Hey, this is Beeezie, here with your 3/15 review!
Once again, I'm afraid you're going to find me to be a very lame reviewer, because on the whole, I really don't see much to critique.
You have a very distinctive writing style. All three of the one-shots I've read at this point for your challenge win (as well as Golden Chains) are very introspective, in a lot of ways. That doesn't make for a quick, light read, but it does make for an interesting and thought-provoking one. You have this way of taking minor characters and really exploring them and giving them new depth.
In this story, you managed to work in enough description to elicit a very strong reaction from me, despite the fact that it was pretty much all Regulus's reflections, rather than something that was going on at the time. That can be difficult to do right, but you managed it, and worked in all the right details - things like Regulus not remembering the woman's face was absolutely perfect, because in a lot of ways, it felt more real to me than a dramatic, "I will remember her face forever" sort of sentiment would. That's not to say that that's wrong - it's just sometimes a bit overdone.
You did an excellent job of humanising Regulus without whitewashing him.
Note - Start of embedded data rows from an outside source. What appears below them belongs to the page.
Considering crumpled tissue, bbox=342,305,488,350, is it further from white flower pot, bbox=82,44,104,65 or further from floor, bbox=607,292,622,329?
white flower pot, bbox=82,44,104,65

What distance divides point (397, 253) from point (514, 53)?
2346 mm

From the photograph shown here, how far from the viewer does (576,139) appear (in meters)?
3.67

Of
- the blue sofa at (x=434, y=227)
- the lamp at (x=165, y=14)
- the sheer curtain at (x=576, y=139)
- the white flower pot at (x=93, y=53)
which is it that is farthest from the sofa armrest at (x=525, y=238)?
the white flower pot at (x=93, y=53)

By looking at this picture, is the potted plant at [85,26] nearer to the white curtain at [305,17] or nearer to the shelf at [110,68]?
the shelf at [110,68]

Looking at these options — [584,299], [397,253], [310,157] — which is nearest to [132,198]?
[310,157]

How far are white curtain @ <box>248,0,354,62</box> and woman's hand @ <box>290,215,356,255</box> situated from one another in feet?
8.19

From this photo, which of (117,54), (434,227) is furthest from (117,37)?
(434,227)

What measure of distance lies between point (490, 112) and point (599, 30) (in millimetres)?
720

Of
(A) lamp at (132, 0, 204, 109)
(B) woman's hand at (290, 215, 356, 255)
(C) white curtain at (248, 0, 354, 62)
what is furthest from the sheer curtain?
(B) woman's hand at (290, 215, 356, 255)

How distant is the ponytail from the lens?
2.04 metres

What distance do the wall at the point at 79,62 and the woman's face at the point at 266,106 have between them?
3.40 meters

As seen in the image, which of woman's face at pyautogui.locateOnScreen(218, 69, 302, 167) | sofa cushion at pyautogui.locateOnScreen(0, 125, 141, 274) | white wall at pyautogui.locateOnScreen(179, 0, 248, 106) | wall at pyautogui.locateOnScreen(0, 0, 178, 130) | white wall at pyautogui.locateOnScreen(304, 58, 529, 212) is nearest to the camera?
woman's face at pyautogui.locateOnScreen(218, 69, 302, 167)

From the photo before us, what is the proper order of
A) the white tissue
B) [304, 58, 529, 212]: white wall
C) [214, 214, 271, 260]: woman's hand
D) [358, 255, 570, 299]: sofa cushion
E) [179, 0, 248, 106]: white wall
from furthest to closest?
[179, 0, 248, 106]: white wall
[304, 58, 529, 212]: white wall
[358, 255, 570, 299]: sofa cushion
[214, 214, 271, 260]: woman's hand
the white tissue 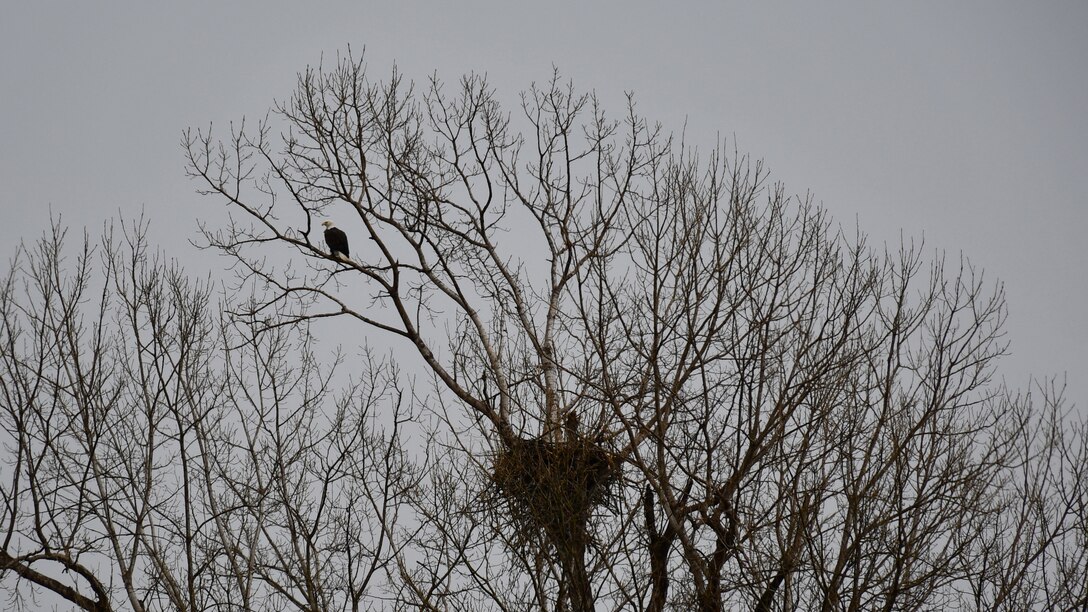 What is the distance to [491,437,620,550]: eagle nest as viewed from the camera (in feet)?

You didn't try to portray him as a good human being, deep down - you portrayed him as a prejudiced human being who didn't really have the stomach to torture people. (Your portrayal of him actually reminds me a little of how I imagine Draco Malfoy to be during the 6th and 7th books.) We're never really told why Regulus has a change of heart, only that he does, and you've presented this catalyst in a way that fits beautifully with canon - it compliments it, but it introduces a new interpretation of the events. I never even thoughts of Regulus standing there waiting for them, and the idea really sent the gears in my brain spinning.
There were a few things that felt a little off to me. They're quite minor, but I thought I'd mention them, in hopes of being at least somewhat helpful to you.
In the paragraph starting, I accept that I'm easily swayed by my parents: the comment that he dislikes muggles of all types seemed a little strange to me. What types? It just felt a unnecessary as a description. Similarly, when he says that he love[s] the colour green, that felt a little overly simplistic for me. It's just such a shallow characteristic, and seemed out of place amidst the much more serious ones.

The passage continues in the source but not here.